# Detect and blur faces in video using Amazon Rekognition Video

***
This notebook provides a walkthrough of [face detection API](https://docs.aws.amazon.com/rekognition/latest/APIReference/API_StartFaceDetection.html) in Amazon Rekognition Video to identify faces in a stored video.
***

## Initialization

Installing required libraries:   
-**opencv-python** : pre-built CPU-only OpenCV packages for Python. OpenCV is a library of programming functions mainly aimed at real-time computer vision.  
-**ffmpeg-python** : python bindings for FFmpeg.
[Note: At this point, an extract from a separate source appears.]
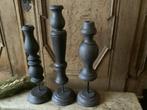 NIEUW SET van 3 grijs houten kaarsen kandelaars pinakels, Ophalen of Verzenden, Nieuw, Grijs, Hout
FFmpeg is a complete, cross-platform solution to record, convert and stream audio and video.   
-**moviepy** : a Python library for video editing: cutting, concatenations, title insertions, video compositing (a.k.a. non-linear editing), video processing, and creation of custom effects. 

In [None]:
!pip install opencv-python boto3 botocore ffmpeg-python moviepy --upgrade -q

In [None]:
import boto3
import botocore

In [None]:
client = boto3.client("sts")
account = client.get_caller_identity()["Account"]
print(f"AWS account:{account}")

session = boto3.session.Session()
region = session.region_name
print(f"AWS region:{region}")

In [None]:
# S3 bucket that will be the location from where we will read images/videos

bucket = 'dml102-20221003-sagemaker-bucket-{region}-{account}'.format(region = region, account = account)

In [None]:
# copy video from local EBS storage to S3 bucket

!aws s3 cp videos/people-walking.mp4 s3://$bucket/rekognition-video-demo/people-walking.mp4

## Detect faces in video
***

Explore the code in blur_faces/

In [None]:
from blur_faces.rekognition import get_timestamps_and_faces
from blur_faces.rekognition import boto3_client, start_face_detection
from blur_faces.rekognition import wait_for_completion
from blur_faces.video_processor import apply_faces_to_video, integrate_audio

Initializing local paths to video and local output directory.

In [None]:
video = 'rekognition-video-demo/people-walking.mp4'
local_path_to_video = 'videos/people-walking.mp4'
local_output = 'videos/output.mp4'

1. Calling the [start face detection API](https://docs.aws.amazon.com/rekognition/latest/APIReference/API_StartFaceDetection.html)  
This API starts asynchronous detection of faces in a stored video.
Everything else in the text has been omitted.